Produced by Robin Millar, Diamond Life succeeded in devising the Soho in-crowd of the early 80s an in-crowd for the world. With well-honed originals and a covering of Timmy Thomas` rare groove swamp ballad Why Can't We Go Together?, Sade made explicit both the musical elitism and joy of discovery of that era.
Smooth Operator is a perfect trance of this heady, glossy time. Adu's voice curls around the recording like smoke. Your Passion Is King - surprisingly, their only ever UK top 10 single - is sweetness writ large. There`s the dispassionate funk of Hang on to Your Bed and the penniless optimism of When Am I Going to Earn a living?, which provided a mellow critique of Margaret Thatcher`s Britain ("Haven`t I told you earlier that we`re hungry for a life we can`t afford?"). The recoil of Cherry Pie is redolent of later period Roxy Music, a huge, effortless wash of sound.
However, dissenters were rather sniffy about Sade. The album chimed perfectly with the loadsamoney era, and was victimized by its myriad listeners as a crosscut for Sade`s huge library of musical references. Why hear Roberta Flack, or Donny Hathaway, when you had this? Tracks such as Frankie`s First Affair are rather mired in their day, as is Sally with Stuart Matthewman`s sax draped all over it like some bad detective soundtrack.
Diamond Life became a statistician`s dream; it spent 99 weeks on the UK chart, racked up awards, launched a tremendously successful career in the US and put Sade on the peak at Live Aid, and still no-one actually had any clue who Adu and her band were. For them, there was no celebrity, no pouring out of clubs at 4am. It started them as a cottage industry at the center of the music business, and that continues to this day.
Sade - Promise 1985
Format: flac cue log
Genre: Funk / Soul, Jazz, Pop
Release Date: 1984
Label: Epic
PROMISE, Sade's 1985 follow-up to her phenomenally successful debut, has the same breezy, sophisticated R&B approach as DIAMOND LIFE, sounding like a crossing between light wind and a low-key nightclub set of torch songs. Sade's detached, understated vocals are the image of cool, and spell her technical range is limited-her performances are never about pyrotechnics-her elegant style creates a seductive mood. PROMISE heightens these effects with crisp production, gently interlocking keyboard and guitar lines, and washes of percolating rhythm, creating a textured landscape for Sade's vocals to soar over.

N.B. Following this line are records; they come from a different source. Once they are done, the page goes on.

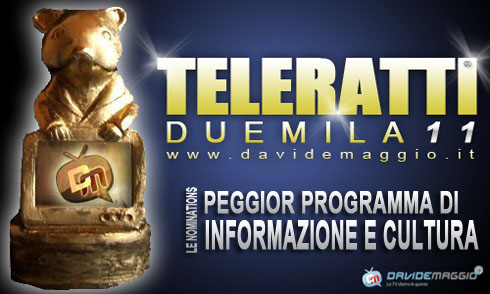 TELERATTI 2011: PEGGIOR PROGRAMMA DI INFORMAZIONE E CULTURA (INFOTAINMENT E TG INCLUSI)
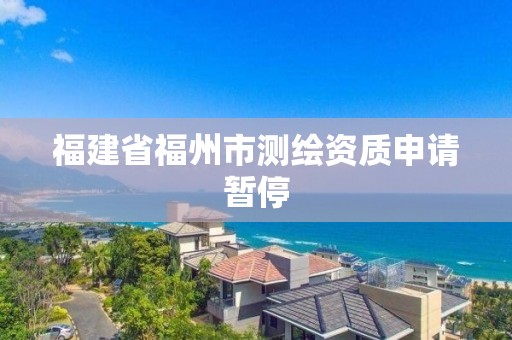 福建省福州市測繪資質申請暫停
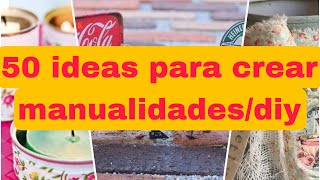 50 Ideas para crear manualidadesDIY [upl. by Evelc469]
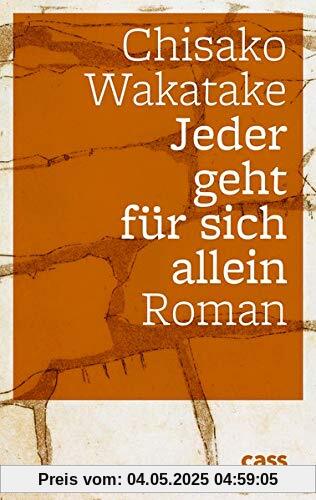 Jeder geht für sich allein: Roman Jeder geht für sich allein: Roman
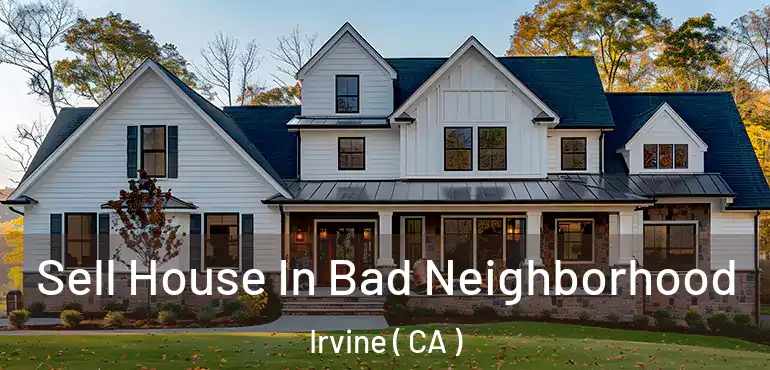  Sell House In Bad Neighborhood Irvine ( CA )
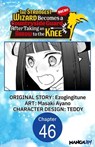 The Strongest Wizard Becomes a Countryside Guard After Taking an Arrow to the Knee #046 - Ezogingitune ; Masaki Ayano ; Teddy - 9798899233913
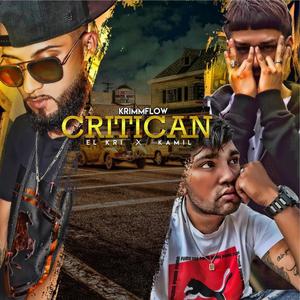Critican(feat. Krimm Flow & Kamil) (Explicit)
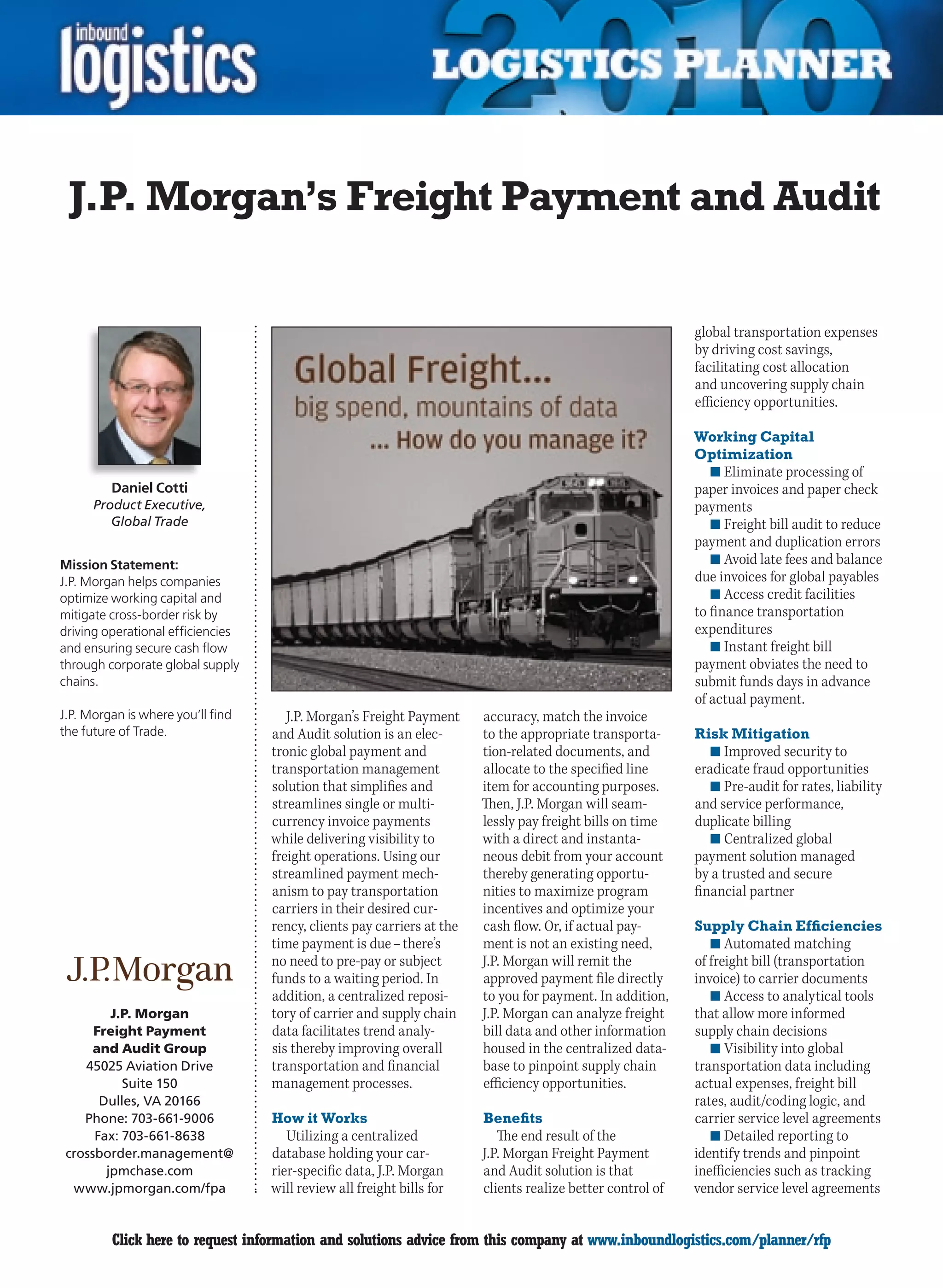 J.P. Morgan’s Freight Payment and Audit

                                                                                                            global transportation expenses
                                                                                                            by driving cost savings,
                                                                                                            facilitating cost allocation
                                                                                                            and uncovering supply chain
                                                                                                            efficiency opportunities.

PROMISE contains the gently grooving "The Sweetest Taboo," one of Sade's most immediately recognizable songs, and "Never As Well as the First Time," another pop and R&B chart hit. There is rarely a trip on the album, as it alternates between subdued grooves and chilly ballads (most notably the melancholic, minor-key "Jezebel"), keeping the musical vibe varied but quiet, and the overall atmosphere low-lit and intimate. Even more successful than its predecessor, PROMISE went triple platinum, and secured Sade's place as a pop sensation.